■ **Your objective**: Return all of the data verbatim, dropping any picture.
[Given data — start]
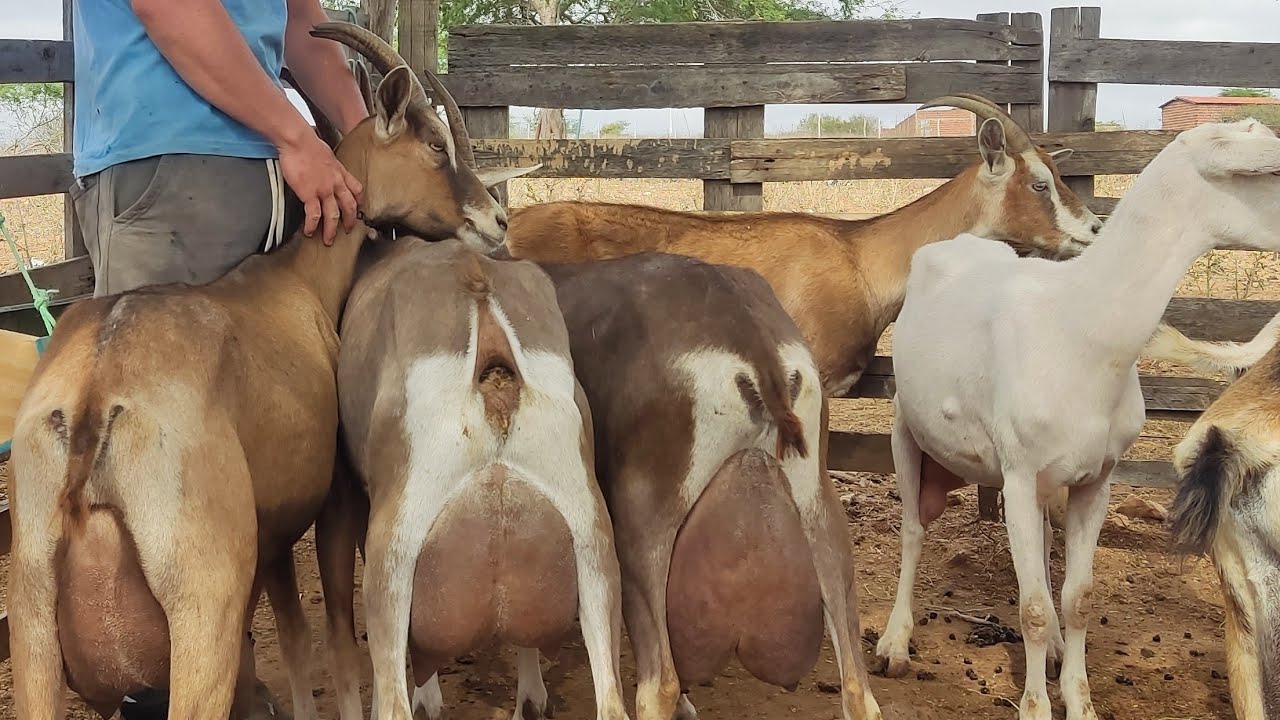 JÚNIOR CRIADOR DE CABRA LEITEIRA TEM UM FUTURO MUITO GRANDE POR QUE É HUMILDE EM SOLEDADE NA PARAÍBA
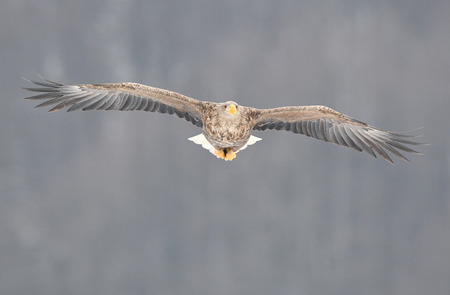 White tailed eagle (Haliaeetus albicilla)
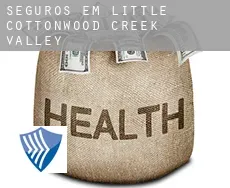 Seguros em  Little Cottonwood Creek Valley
[Given data — finish]
■ **Task solution**:
 JÚNIOR CRIADOR DE CABRA LEITEIRA TEM UM FUTURO MUITO GRANDE POR QUE É HUMILDE EM SOLEDADE NA PARAÍBA
 White tailed eagle (Haliaeetus albicilla)
 Seguros em  Little Cottonwood Creek Valley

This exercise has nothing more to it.